==== Data shown

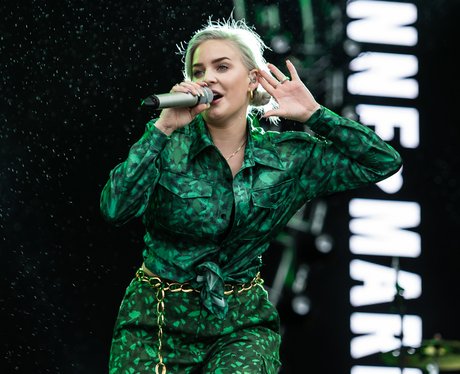Anne Marie Fusion Festival 2017
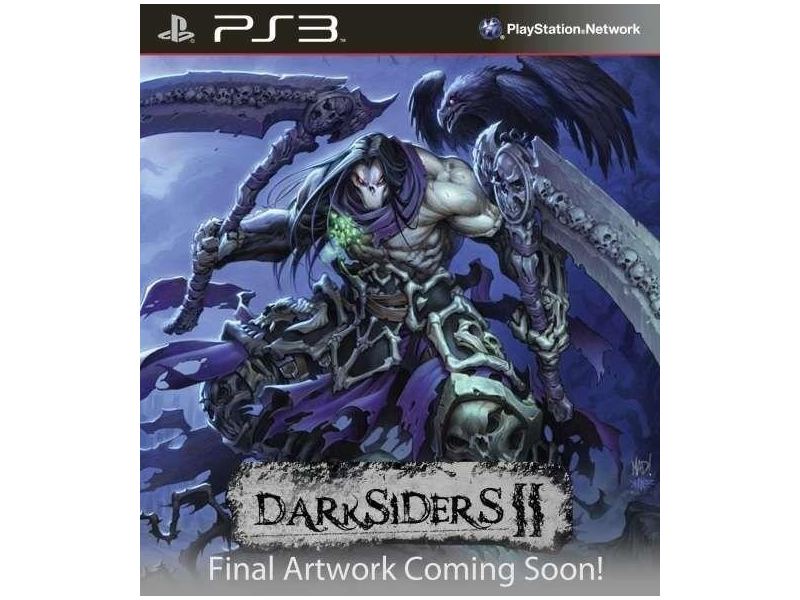 Darksiders 2 - PS3
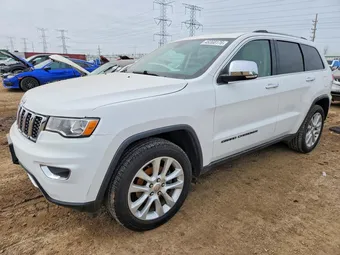 2017 Jeep Grand Cherokee 1C4RJFBG5HC678514 Lot 46368176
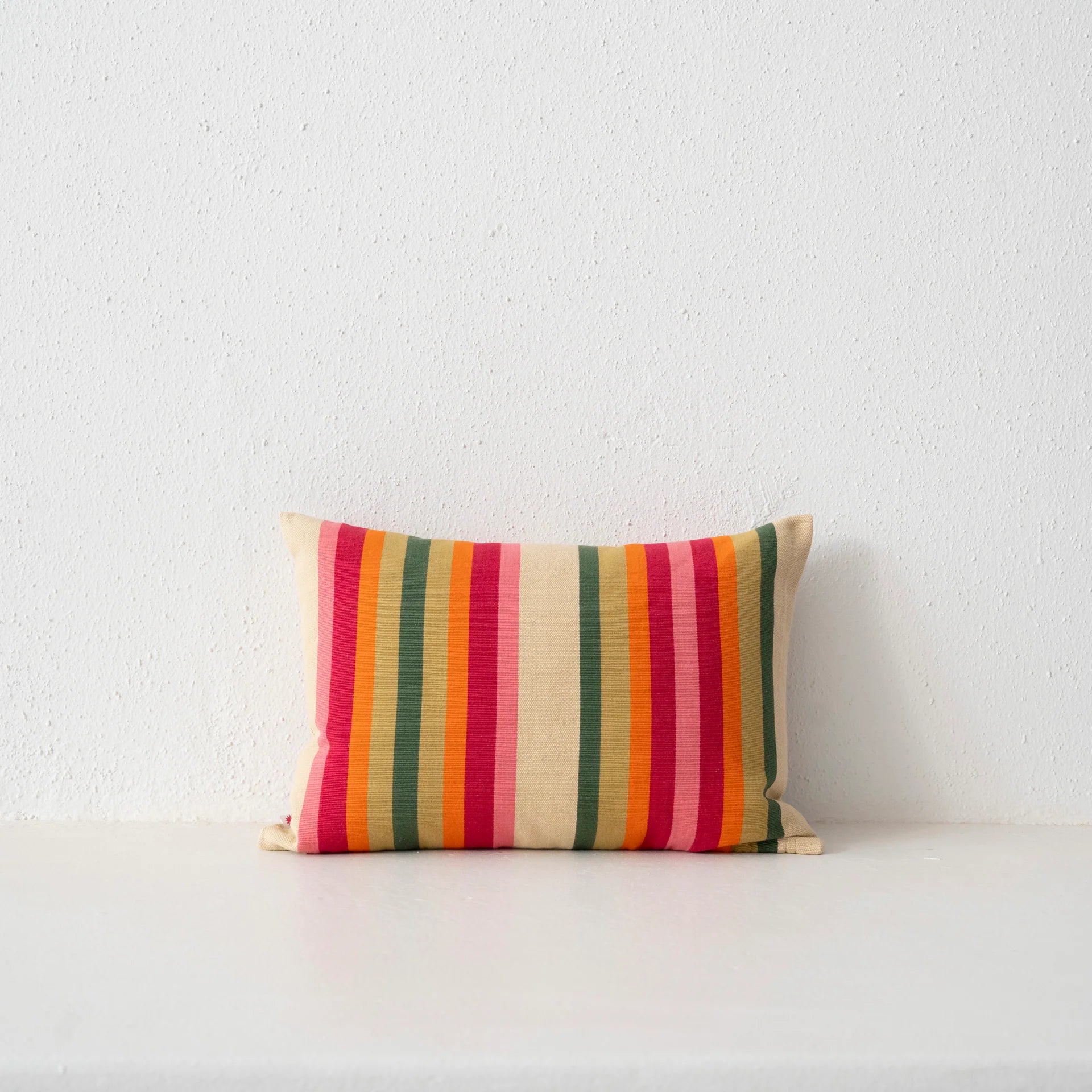 Sage Rosa Pillow 14" x 20"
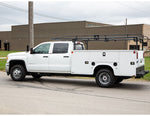 Buyers Products Service-Body Ladder Rack, 1,000 lb 1501250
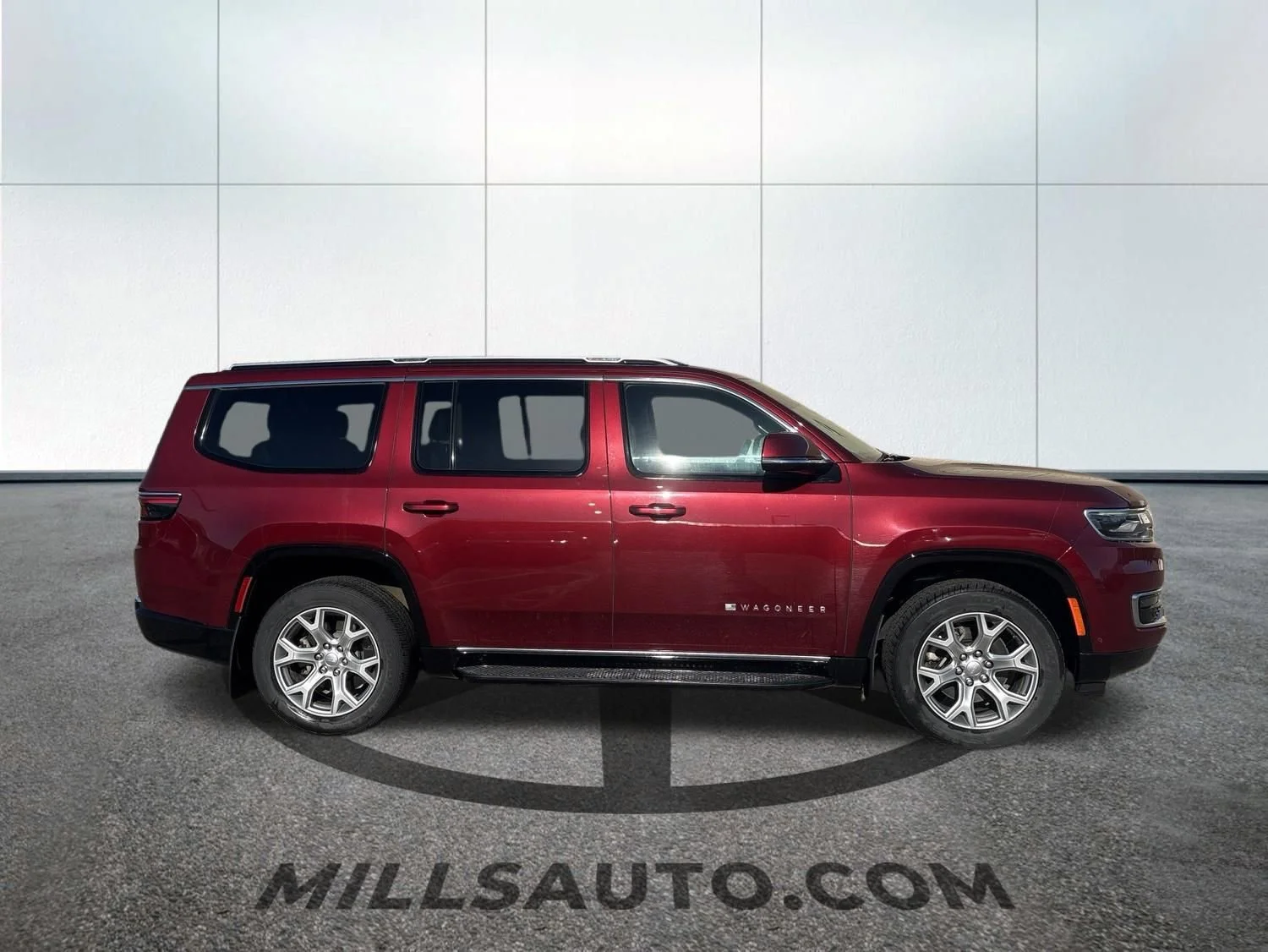 Used 2022 Red Jeep Series II 4x4 image 5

========

Instructions for the task:
Could you retype exactly, and only, the lines running from the one with "Darksiders 2 - PS3" to the last line of the listing, while leaving any pictures out?

Expected answer:
 Darksiders 2 - PS3
 2017 Jeep Grand Cherokee 1C4RJFBG5HC678514 Lot 46368176
 Sage Rosa Pillow 14" x 20"
 Buyers Products Service-Body Ladder Rack, 1,000 lb 1501250
 Used 2022 Red Jeep Series II 4x4 image 5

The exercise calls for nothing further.